The first wave of modular synthesizers were all but a distant memory when Wolfgang Palm’s PPG Wave series of hybrid synthesizers arrived in the 80s, deftly blending digital wavetables with analogue filters and amplifiers.
Eventually, of course, musicians grew bored with menu diving and preset patches, and rediscovered the hands-on allure of analogue modulars. However, they hadn't forgotten the crystalline highs and biting basses of digital oscillators. In fact, today’s synthesist knows full well that combining digital waveforms with analogue filters and real-time CV control offers up an exciting palette for the creation of new tone colours.
In this walkthrough, we'll show you how to employ a wavetable oscillator in the amazing free VCV Rack software modular. For more on using VCV Rack, pick up the September 2018 edition of Computer Music.
Step 1: Let’s build a PPG-style wavetable synth voice in VCV Rack. The idea behind wavetables is simple: a number of single-cycle waveforms are strung together end-to-end to form a single digital audio file. The oscillator can instantly call upon any waveform in the ‘wavetable’, or modulate through them. We’ll start by going to File and creating a New empty rack.
Step 2: We’ll need a MIDI controller to hear what we’re doing. Right-click in the empty rack, go to the Core category and choose MIDI-1 and Audio modules. Once they appear, select the correct interface for each. Next, instantiate an Audible Instruments Macro Oscillator. This is a multi-purpose digital module based on a design by Mutable Instruments.

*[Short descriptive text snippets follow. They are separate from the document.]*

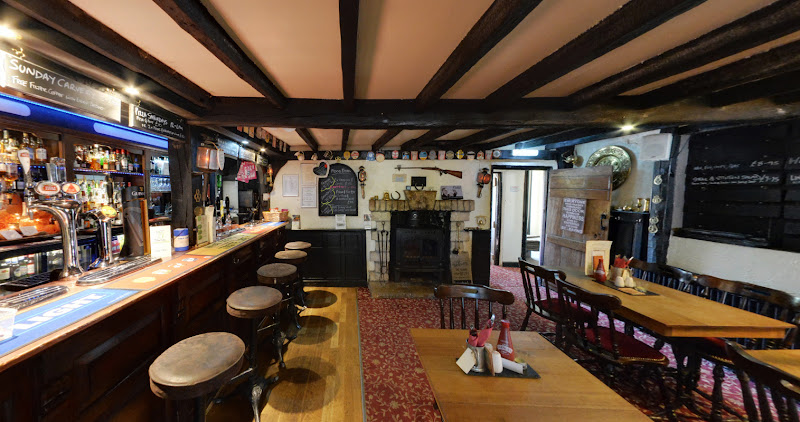 Three Horseshoes Pub — Louth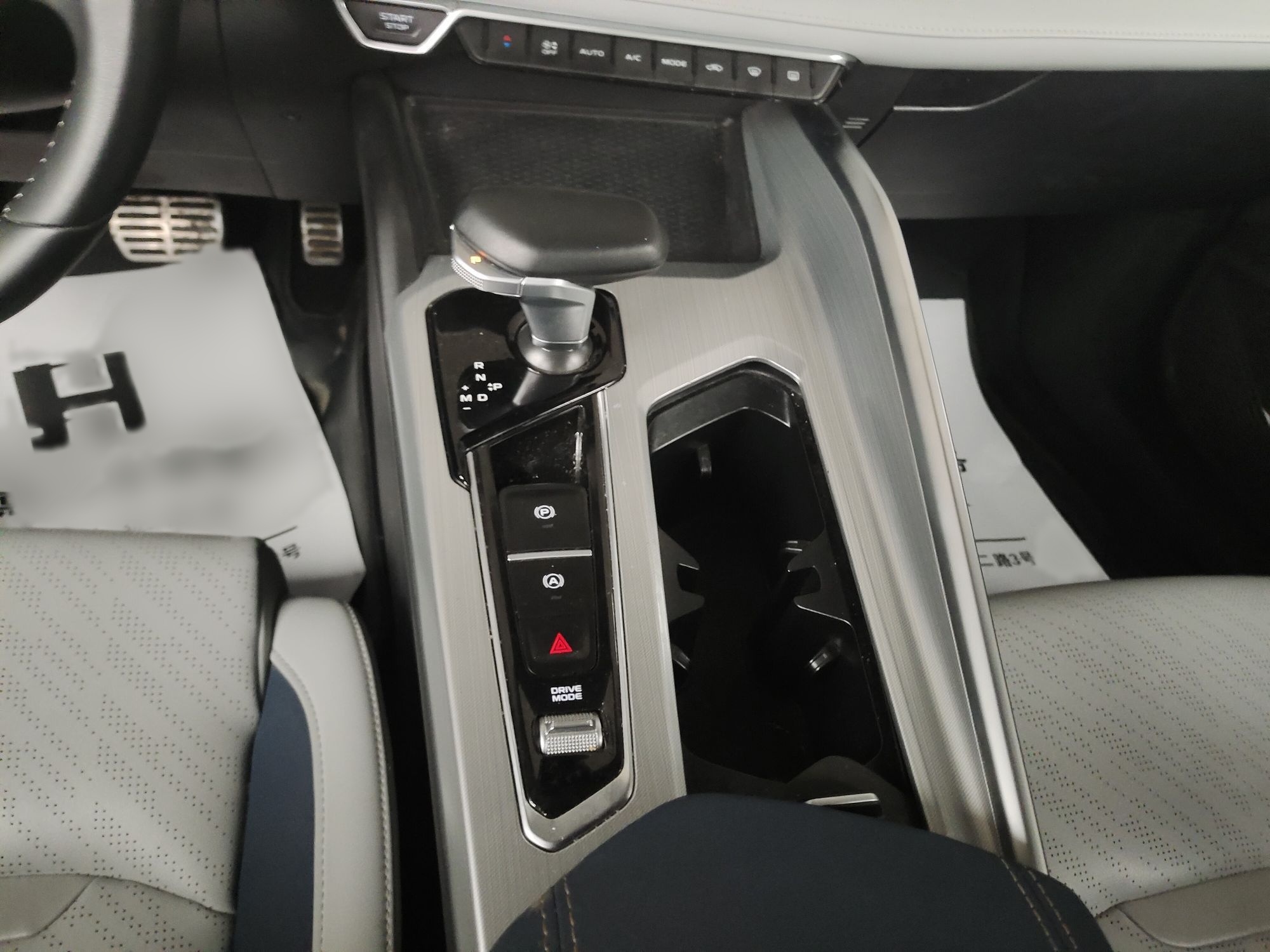Geely Auto Preface 2023 2.0TD Prestige Version — снимка 11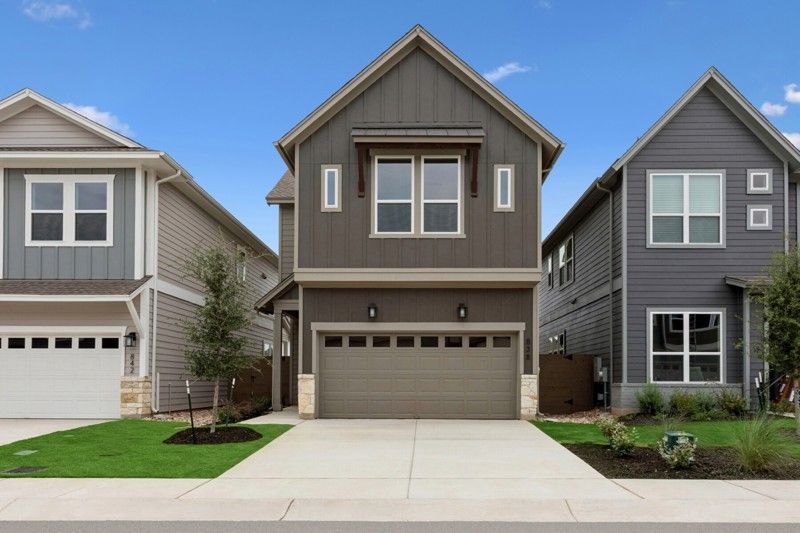 Exterior:Exterior Front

Step 3: Right-click into Fundamental modules and grab a VCF, an ADSR and a VCA. We’ll also nab a Delay for sweetening. Connect the MIDI module’s CV Out to the Oscillator’s V/OCT In jack for pitch control, and the MIDI module’s Gate Out to the ADSR’s Gate In. Route the Oscillator’s Out to the VCF’s In. The VCF’s LPF goes to the top VCA In.
Step 4: The VCA’s top Out goes to the Delay’s In, and the Delay’s Out goes to Inputs 1 and 2 on the Audio module. The ADSR’s Out goes to the VCA’s LIN jack. We can now play a sound. Crank up the VCF’s Freq for now. Scroll the Macro Osc’s Edit knob until the display says WTBL. You should hear a decidedly digital bell-like timbre.
Step 5: The Color knob is used to select the wave in the wavetable. Give it a twist, then set it fully anti-clockwise. What if we modulate that knob? Call up another ADSR and connect its In jack to the MIDI module’s Gate output. Patch the ADSR’s Out to the Color input on the Macro Oscillator.
Step 6: Tweak the ADSR to push Color into action. Turn the Attack all the way down, and both Decay and Release to about 2 o’clock. Sustain will be at 10 o’clock. Now, if we play and hold a note, the wavetable sweeps through its waves for a classic PPG sound. Modulate the VCF with the same ADSR and tweak the patch to taste.